Right hon. and hon. Members may regret the chain of events I have described, and they may regret that there was not a caveat that the result of the referendum could be overturned by Parliament if it did not like the result of the negotiations, but the time to add that caveat was when the European Union Referendum Act 2015 was passed. I note that many Members in the Chamber—the hon. Member for Hornsey and Wood Green, the right hon. Member for Carshalton and Wallington, and the shadow Minister, for instance—voted in favour of passing that Act. That Act did not say that the referendum result would be the best of three, it did not say that, if we did not like the first result, we could go away and rerun the referendum to get the result we wanted, and it did not say that there had to be a certain result. That was the time to make these suggestions—not now, after the public has voted.
Does the Minister not agree that it is in the best interests of the whole country that we come together behind a decision that most people see as a good way forward that will lead to a good future? Does not her insistence on the result of this one Brexit referendum hide all our difficulties as a country? Is not the best way forward for us all to go to the people again and to clarify and confirm the matter so that we can all move forward together? I absolutely believe that we should get that clarification, in the interests of everyone—including the Government.
The hon.

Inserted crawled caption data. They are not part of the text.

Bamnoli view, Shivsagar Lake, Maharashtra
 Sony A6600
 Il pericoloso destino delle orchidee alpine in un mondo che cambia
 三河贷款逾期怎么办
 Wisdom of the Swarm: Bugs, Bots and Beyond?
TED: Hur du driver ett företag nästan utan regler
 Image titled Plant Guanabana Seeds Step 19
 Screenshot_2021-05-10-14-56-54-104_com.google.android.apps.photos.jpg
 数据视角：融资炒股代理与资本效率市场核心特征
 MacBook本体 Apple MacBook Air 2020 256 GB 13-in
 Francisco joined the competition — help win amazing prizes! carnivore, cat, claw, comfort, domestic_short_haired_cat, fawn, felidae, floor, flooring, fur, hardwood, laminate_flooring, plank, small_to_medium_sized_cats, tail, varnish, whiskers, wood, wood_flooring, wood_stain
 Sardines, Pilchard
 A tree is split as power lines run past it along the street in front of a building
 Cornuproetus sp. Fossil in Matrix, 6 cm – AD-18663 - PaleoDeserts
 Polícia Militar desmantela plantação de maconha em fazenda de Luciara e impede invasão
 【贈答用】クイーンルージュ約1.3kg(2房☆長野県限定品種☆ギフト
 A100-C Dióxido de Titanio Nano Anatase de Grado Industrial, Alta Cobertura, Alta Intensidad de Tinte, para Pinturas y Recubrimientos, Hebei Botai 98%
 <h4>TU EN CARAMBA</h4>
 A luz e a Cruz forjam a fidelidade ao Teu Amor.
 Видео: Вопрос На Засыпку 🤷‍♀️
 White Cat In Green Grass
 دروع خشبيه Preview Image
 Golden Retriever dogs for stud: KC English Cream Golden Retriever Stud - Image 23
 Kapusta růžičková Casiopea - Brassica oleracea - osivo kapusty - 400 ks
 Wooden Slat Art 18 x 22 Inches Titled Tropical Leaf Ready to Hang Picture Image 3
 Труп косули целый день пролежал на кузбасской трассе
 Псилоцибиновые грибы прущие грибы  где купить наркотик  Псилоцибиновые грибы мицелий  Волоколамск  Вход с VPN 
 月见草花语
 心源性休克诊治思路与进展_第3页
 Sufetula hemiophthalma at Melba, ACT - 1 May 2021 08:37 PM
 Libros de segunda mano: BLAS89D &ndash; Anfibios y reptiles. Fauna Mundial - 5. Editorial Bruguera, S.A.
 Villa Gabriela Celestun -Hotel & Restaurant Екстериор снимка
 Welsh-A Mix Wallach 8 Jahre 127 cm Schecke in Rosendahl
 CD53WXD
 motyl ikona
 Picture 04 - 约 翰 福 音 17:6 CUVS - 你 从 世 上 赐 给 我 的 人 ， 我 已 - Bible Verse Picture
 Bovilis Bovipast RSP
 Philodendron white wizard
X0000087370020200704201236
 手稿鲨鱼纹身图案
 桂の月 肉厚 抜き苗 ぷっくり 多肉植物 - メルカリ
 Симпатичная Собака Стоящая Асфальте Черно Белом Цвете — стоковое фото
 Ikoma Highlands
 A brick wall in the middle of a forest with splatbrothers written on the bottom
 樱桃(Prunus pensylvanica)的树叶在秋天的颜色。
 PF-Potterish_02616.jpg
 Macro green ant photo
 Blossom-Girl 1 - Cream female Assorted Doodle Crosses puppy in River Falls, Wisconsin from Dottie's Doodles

Lady’s point is inherently contradictory. On the one hand, she says, “Isn’t it important that we all come together and unite and put our divisions behind us?” I wholeheartedly agree with that sentiment. I urge every Member present to get behind the referendum result and support the Government’s agenda.
On the other hand, however, the hon. Lady says, “Let’s have another vote”—a divisive vote on a contentious question again. I do not see how that sits easily. We have had a vote and the argument, the people have instructed the Government and we will deliver what they have told us to do.
I do not recognise any of the terms used by the right hon. Gentleman. I do not believe in a hard Brexit or a soft Brexit, a hardest possible Brexit or a softest possible Brexit. I believe in Brexit. We are either in the European Union or out of the European Union. We are either in the customs union or out of the customs union, and either in the single market or out of the single market, with either free movement of people or no free movement of people.
I will not, because I need to get on with my speech and I have given way many times. Those are the objectives of the Government and of the Prime Minister.
As I have said, the Government recognise the strength of feeling on this issue. That is why we know that it is incumbent on us to secure a deal that works for all of the United Kingdom and one that Parliament will want to support. As the Prime Minister has said, our decision to leave the EU does not mark an ending; it marks a new beginning for our relationship with our European allies. This is where I diverge from right hon. and hon. Members and their pessimistic view of negotiations so far: we have made significant progress on the negotiations. We have agreed the terms of a time-limited implementation period.